Segundo um dos líderes governistas que comemorou o sucesso do adiamento, o governo não tinha nada a perder, pois já estava desgastado com a obstrução do dia anterior e agora pode tentar forçar a oposição a entrar em negociação. Principalmente com a iminência de a MP entrar em vigor amanhã.

— Vale a pena o desgaste. A sociedade não quis a 232, mas quer a parte boa dela. O governo quer derrotar tudo e construir uma saída alternativa, mantendo compensações. Tivemos que ganhar tempo para salvar a parte boa da MP — disse o líder do PTB, José Múcio Monteiro (PE).

É uma queda-de-braço política para ver quem sairá como o autor da saída para a correção da tabela do IR da pessoa física, se a oposição ou o governo. O governo não quer quer o pai da medida seja a oposição.

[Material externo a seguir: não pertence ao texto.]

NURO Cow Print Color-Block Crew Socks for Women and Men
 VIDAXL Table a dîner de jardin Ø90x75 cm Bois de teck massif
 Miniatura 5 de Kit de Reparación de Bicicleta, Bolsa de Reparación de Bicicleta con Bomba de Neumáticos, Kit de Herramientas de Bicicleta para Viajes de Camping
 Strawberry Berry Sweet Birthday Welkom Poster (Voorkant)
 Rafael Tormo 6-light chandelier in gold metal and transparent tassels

— Queríamos rejeitar a MP 232 desde terça-feira, para evitar que entrasse em vigor. Mas eles querem criar o caos. Infelizmente tivemos que optar pelo caminho da obstrução — discursou o vice-líder do governo, Beto Albuquerque (PSB-RS).

Após um dia de negociações no Congresso, com Jorge Rachid, da Receita Federal, e com o secretário-executivo do Ministério da Fazenda, Bernardo Appy, os líderes governistas chegaram ao plenário para votar sem acordo sobre um texto alternativo. Por meio de um requerimento de adiamento da pauta, por votação nominal, os governistas conseguiram esvaziar o quórum, derrubando a sessão e impedindo votar o requerimento de fatiamento da correção da tabela.

Com o PMDB dividido, o apoio do PP, do presidente da Câmara, Severino Cavalcanti, foi essencial para o sucesso da obstrução. Só 185 deputados da oposição registraram o voto no painel, quando eram necessários 257 para prosseguir a votação. Às 19h20m, Severino encerrou a sessão, convocando outra para hoje às 14h.

— Depois desse espetáculo do PMDB, se o governo não der uma mão, está perdido. O governo investiu tudo no PMDB (com mais ministério) e agora está tendo o troco — ironizou o líder do PP, José Janene (PR), que orientou a bancada a seguir a estratégia do governo.

PMDB se mostra dividido em plenário

O líder do PMDB, José Borba (PR), orientou a bancada a seguir o governo, mas o deputado Geddel Vieira Lima (PMDB-BA) foi ao microfone e convocou a bancada a votar contra o adiamento, acirrando a divisão. Além do PP, entraram em obstrução PL, PTB, PSB, PCdoB, PV, e PT. O porta-voz da Presidência, André Singer, disse que Lula confia nas negociações conduzidas pelos líderes na Câmara na busca de uma solução para a MP.

– O presidente achou importante os esforços dos líderes nas negociações com os deputados e acredita que o Congresso vai encontrar o melhor caminho para não prejudicar os trabalhadores nem o ajuste fiscal que o país vem buscando com esforço e responsabilidade – disse o porta-voz.